Saber Notes: Name Table, Parameters & Local Variables

Apr 13, 2020

I’ve been working on my language, Saber a lot recently. I figured I should keep some notes on implementation in case someone finds them useful, even if that’s only future-me. Saber is a scripting language intended to be a lightweight row-polymorphic psuedo-functional language that compiles to WebAssembly. Think OCaml meets the best parts of ES6. Of course right now I’m just trying to get basic functionality finished. The compiler is written in Rust.

Before this recent spurt of work in Saber, I had successfully gotten compilation of basic functions with arithmetic from Saber code to WebAssembly. That may not seem like much but it required getting the whole typed AST to WASM intermediate representation pipeline working, as well as an emitter. Emitting was especially daunting, as it involved basically staring at raw bytecode and debugging it. Eventually I realized that it isn’t so bad. Although that’s probably the Stockholm Syndrome talking.

I came back to the compiler after taking a long break, due to working on two compilers: a ChocoPy to RISC-V compiler written in Java for my compilers class, and a separate ChocoPy one in Rust just for fun. I haven’t finished those, but I learned some neat little tricks in the process that I decided to transfer to Saber.

Name Table

I started with creating a name table, basically a table that stores names such as “int” or “foo”, swapping them out for an id. I used one in my Rust ChocoPy compiler and really liked how it made wrangling with ASTs a lot easier. Instead of worrying about the lifetimes of the strings, I was able to deal with nice, simple usize’s.
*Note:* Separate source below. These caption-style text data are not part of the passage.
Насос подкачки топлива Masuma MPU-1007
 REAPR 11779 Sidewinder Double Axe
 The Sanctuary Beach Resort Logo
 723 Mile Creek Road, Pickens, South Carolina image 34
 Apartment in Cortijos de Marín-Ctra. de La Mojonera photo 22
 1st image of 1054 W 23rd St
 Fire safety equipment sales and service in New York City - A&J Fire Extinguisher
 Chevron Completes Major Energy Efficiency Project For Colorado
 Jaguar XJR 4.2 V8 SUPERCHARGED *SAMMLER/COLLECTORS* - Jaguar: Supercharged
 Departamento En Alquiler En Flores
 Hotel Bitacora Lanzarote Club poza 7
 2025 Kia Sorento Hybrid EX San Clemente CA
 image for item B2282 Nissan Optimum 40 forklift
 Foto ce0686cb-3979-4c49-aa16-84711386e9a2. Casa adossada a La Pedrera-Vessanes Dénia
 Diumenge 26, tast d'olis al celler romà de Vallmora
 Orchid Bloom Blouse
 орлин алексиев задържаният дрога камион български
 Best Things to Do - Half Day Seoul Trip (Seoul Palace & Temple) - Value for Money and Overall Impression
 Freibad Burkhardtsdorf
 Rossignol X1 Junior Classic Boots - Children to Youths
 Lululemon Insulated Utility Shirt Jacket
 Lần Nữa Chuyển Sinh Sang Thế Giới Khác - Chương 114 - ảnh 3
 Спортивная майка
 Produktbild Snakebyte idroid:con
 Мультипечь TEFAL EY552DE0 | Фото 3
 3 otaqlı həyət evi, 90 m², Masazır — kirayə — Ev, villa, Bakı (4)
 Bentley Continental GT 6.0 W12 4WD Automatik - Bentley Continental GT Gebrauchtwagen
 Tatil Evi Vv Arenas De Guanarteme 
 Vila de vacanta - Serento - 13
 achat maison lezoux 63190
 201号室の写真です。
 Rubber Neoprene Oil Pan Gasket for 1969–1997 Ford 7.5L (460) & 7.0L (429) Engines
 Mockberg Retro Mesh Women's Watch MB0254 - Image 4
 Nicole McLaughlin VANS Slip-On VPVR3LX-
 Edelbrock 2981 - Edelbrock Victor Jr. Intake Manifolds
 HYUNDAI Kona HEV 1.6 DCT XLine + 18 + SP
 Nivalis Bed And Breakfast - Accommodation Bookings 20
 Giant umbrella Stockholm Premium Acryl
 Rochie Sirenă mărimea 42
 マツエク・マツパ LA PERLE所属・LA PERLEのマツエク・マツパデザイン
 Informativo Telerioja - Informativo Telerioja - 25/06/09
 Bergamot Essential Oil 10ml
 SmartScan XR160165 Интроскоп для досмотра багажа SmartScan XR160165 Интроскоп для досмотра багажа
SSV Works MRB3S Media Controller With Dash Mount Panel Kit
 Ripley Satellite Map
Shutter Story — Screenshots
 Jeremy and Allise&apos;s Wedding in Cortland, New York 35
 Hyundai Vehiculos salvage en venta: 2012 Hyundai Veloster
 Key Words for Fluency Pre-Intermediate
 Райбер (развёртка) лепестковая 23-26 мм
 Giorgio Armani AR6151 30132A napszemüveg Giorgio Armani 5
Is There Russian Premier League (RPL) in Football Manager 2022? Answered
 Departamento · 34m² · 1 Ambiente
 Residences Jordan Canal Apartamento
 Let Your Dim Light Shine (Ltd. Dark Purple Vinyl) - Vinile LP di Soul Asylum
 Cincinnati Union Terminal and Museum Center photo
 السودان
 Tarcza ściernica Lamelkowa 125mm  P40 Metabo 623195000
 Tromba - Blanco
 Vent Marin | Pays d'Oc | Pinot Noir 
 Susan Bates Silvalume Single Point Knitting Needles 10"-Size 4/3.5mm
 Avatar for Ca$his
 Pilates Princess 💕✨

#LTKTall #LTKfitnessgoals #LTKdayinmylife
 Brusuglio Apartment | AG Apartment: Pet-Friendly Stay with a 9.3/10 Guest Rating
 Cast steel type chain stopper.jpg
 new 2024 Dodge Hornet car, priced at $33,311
I could have in theory used Arc’s as well, like Saber does for types, but there’s something about using ids that’s cleaner for this¹. Some people call this table a symbol table, but as you’ll see in a future post, that means something else in Saber.

The name table implementation was pretty straightforward: Create a map from names to ids and a counter; as the lexer gets names/identifiers, put them into the table if they don’t exist already; spit out a token with the id. The only issue I encountered was that I really needed a bidirectional map. Luckily, Rust has a crate for that².

There was some minor code involved moving the table from lexer to parser to typechecker but nothing crazy.

Multiple Parameters

I designed Saber to have a slightly unconventional attitude towards parameters. Basically, functions in Saber only take one parameter. However tuples and records are first class values and easily destructurable using patterns, patterns being stuff like (a, b, c) or { field1, field2 }. Therefore you can do stuff like:

let add = \(a, b) => a + b
let args = (10, 11);
add(args);

add(10, 11);

The (a, b) in add’s definition is a pattern which destructures the args.

Function calls still have parens around them but that’s mostly because I don’t want to deal with parsing a Ruby-esque foo a, b just yet.

Anyways turns out this is terrible for implementing. Either I need to implement boxing for records/tuples, then pass in a pointer (or however close to that I can get in WASM), or I have to find a way to destructure. I haven’t figured out a total solution for implementing, but what I came up with was essentially desugaring to regular multiple parameters.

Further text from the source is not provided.